With Jason Momoa's performance as the film's backbone, Fast X doesn't make the mistake of once again reprising those issues. Dante's mission and drive proves to be a true threat that imperils the lives of the main characters, and (without giving too much away) there are specific moves made to first highlight one of the franchise's central clichés and then upend it in hardcore fashion. The filmmakers have heard the criticisms about these movies, and they have made moves to address them.
Fast X is better than The Fate Of The Furious and F9, but still has a whole lot of dumb.

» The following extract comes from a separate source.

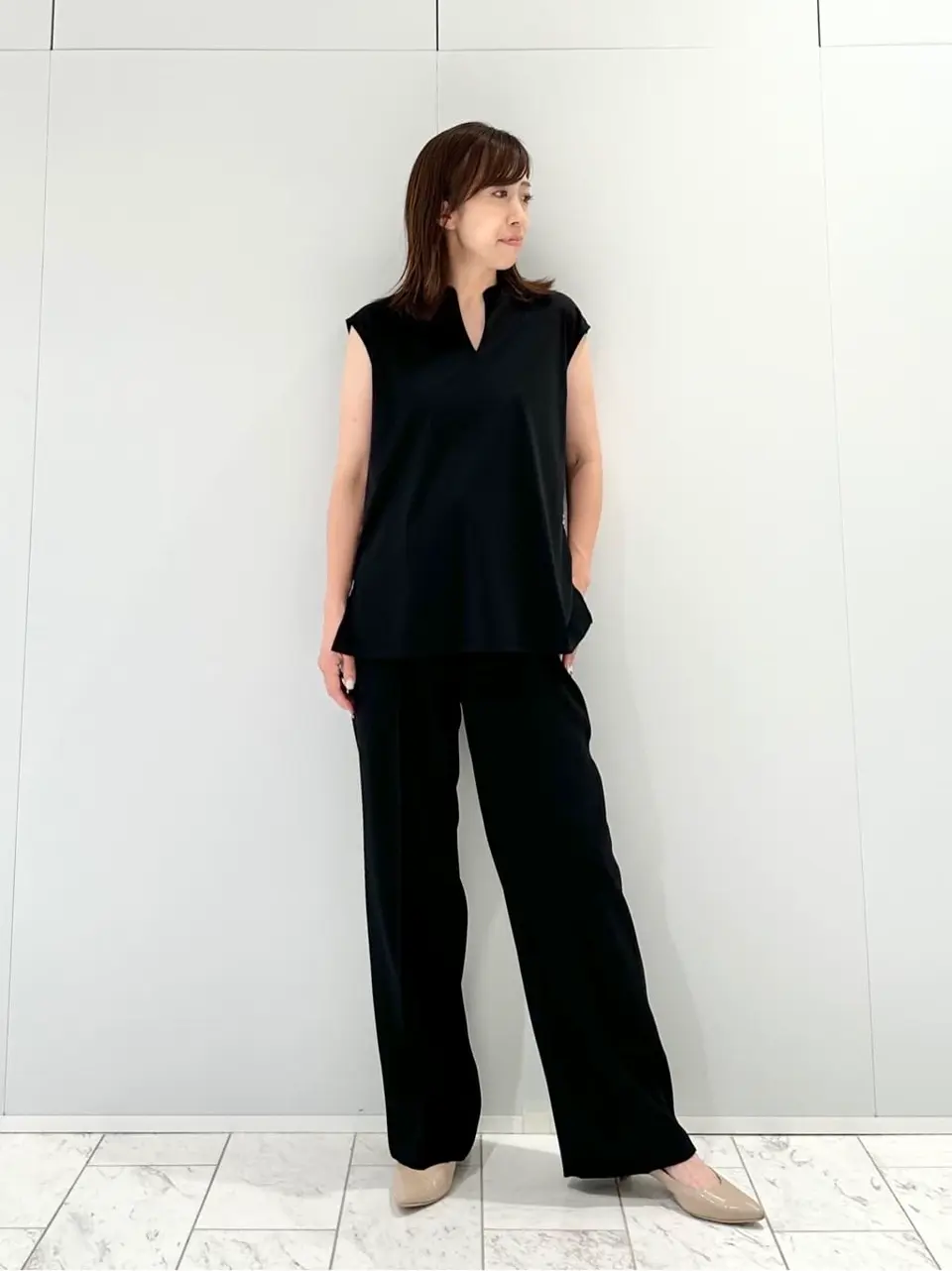 JOSEPH スタッフ コーディネート画像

Of course, while Fast X is an overall improvement for the trajectory of the series, there is also plenty about the film that is either straight-up stupid or just comes across as lazy. There are a number of eye-popping and thrilling set pieces – the standouts being the race to contain a giant bomb that is rolling toward Vatican City and a third act pursuit on a highway in Portugal – but far too often action unfolds simply for the sake of action (be it Brie Larson’s Tess randomly kicking the asses of a bunch of patrons in a bar prior to a secretive meeting with Dom, or Agency mercenaries showing up at a secret location in London so that Han and Jason Statham’s Deckard Shaw can fight side-by-side). Multiple plot threads feel like they are included just for the sake of keeping key characters in the game, and some end up being forgotten about completely by the time the third act rolls around.
The script, credited to Dan Mazeau and Justin Lin, is shoddy – but Jason Momoa is the Kintsugi glue that holds it all together and lets it work. The Fast & Furious movies may be past their prime era (which came to an end with Furious 7), but Fast X at the very least makes efforts to deviate from formula and successfully leaves you wondering what’s going to happen next in Fast & Furious 11.